Mayor defends 'fair and unpoliticised' selection of councillor
Mayor has this week defended the process by which a new town councillor
was selected last week, saying it was fair and not politicised.
We first reported
last week that Andy
Brewer had been selected to fill the vacant Highbridge seat on
the council following the resignation of Alan Miller due to poor
resident Andy Brewer, pictured with Mayor Cllr Martin Cox, was
chosen following a ballot of councillors.
Lib Dem councillor Helen Groves objected to the manner in which
the selection was carried out. "The Conservatives voted on
block, except for one member, which meant Mr Brewer - a Burnham
resident - won due to the party's majority on the council,"
But Cllr Cox told Burnham-On-Sea.com this week: "I feel
the whole process was democratic for several reasons. The position
was advertised inviting applications from the public. An additional
applicant could have been sponsored on the night. The Town Clerk
was very careful to follow the recommended practices of SALC (the
Somerset Association of Local Councils) on how to vote in a co-opted
place on the Council."
"Also, Cllr Groves' proposal to have a show of hands from
our Councillors was resoundingly defeated. The vote was therefore
taken on named ballot papers. The conservative councillors
votes were spread amongst three candidates and the result was
a clear victory for Cllr Andy Brewer."
"I hope on refection Cllr Miss Groves sees that her statement
was in haste and without foundation."
Cllr Groves has hit back, saying she remains unhappy. "I
am disappointed by the response of Councillor Cox. As Mayor there
is a responsibility to be impartial and a duty towards all members
and both towns."
"Councillor Cox would appear to be somewhat confused, I
acknowledged that the process is democratic in so far as councillors
voted and a majority decision was made but was very clear that
it utterly lacked the founding principles of democracy in the
determination to deny information to the public. I do stand by
my view that the process was not ultimately open and transparent."

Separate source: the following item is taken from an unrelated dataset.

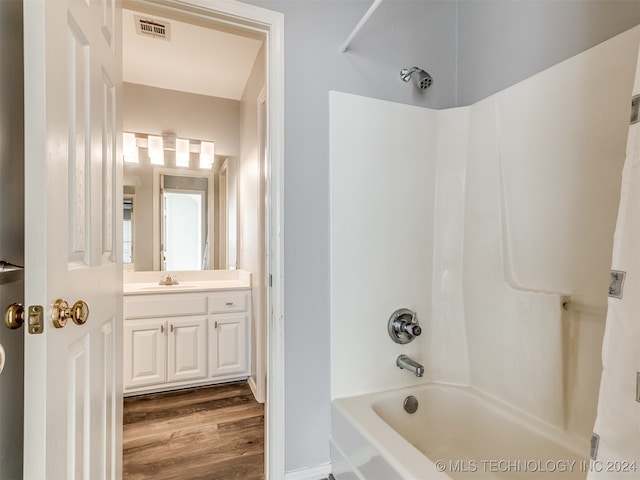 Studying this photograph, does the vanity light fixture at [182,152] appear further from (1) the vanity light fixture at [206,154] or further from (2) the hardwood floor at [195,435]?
(2) the hardwood floor at [195,435]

"Some of this I believe to have resulted from lack of clarity
over what the process was. There was no advertising of the fact
that any person could turn up on the night and put themselves
forward and as such not only did no member of the public have
this information and therefore opportunity to engage
in this democratic process, but as the information
was not made known until the meeting itself, the majority of democratically
elected members did not know either. Certainly no information
regarding this was provided to my group until the day itself and
it did not form any part of the advertisement from the Town Council
which invited applicants to collect and return an application
by the Tuesday deadline."
"Nor were applicants advised either within the documents
they were provided that they would need to be proposed and seconded
by a councillor, this information was not advertised. When applicants
collected their applications I am informed they were advised that
the decision would be made by a show of hands. This is consistent
with the information I was given until the day of the meeting
and that it would be done by ballot was only made known to me
one hour before. Some members still were unaware of this at the
beginning of the meeting and as such there was no possibility
that any member of the public could have known."
"I see no grounds at all to consider withholding the information
about which Councillor voted for which candidate from the public.
The Nolan principles set out that the only reason one should do
so is to protect the wider public interest. The Local Government
Act deems information to be confidential only in instances in
which personal or financial information is involved this
was neither. Given the highly and overly political nature of this
council it is extremely important in my view that where councillors
are making fundamental decisions about the delivery of democracy
that every effort should be made to protect the public interest
and this cannot be done with secret ballots!"
"The Conservative group did not vote for three different
individuals. They rather bizarrely proposed and seconded two Conservative
Party members and one other. They then all voted for Conservative
Andy Brewer with the exception of one Conservative member who
voted for Conservative Roger Keen. This is permissible within
the rules but as representatives of the public we all have to
account for our actions and decisions. If the Conservative group
felt that their decision was sound there should be no need to
keep it and the reasoning behind it out of public sight. The claim
from the Mayor that this was otherwise I assume to be a confusion
on his part as to the difference between voting for a candidate
and proposing one."
"I would like to make absolutely clear I have absolutely
no personal issue with Mr Brewer. I feel terribly sorry for him
to find himself caught in the middle of a mess and sincerely hope
he understands that my concern is for the very people he wishes
to represent. The worst thing about this whole episode in my personal
opinion is the utter lack of concern that was demonstrated towards
the rights of the public to hold their elected representatives
to account - this, above all, I consider to make a mockery of
the democratic principle."
"In absolute honesty, this most recent debacle and many
others such as the fiascos of the Highbridge Hotel and the Boatyard
development cause me to question whether the 80 year-old arrangement
of a joint parish is still appropriate and capable of delivering
more than a lip service democracy to the people of the towns."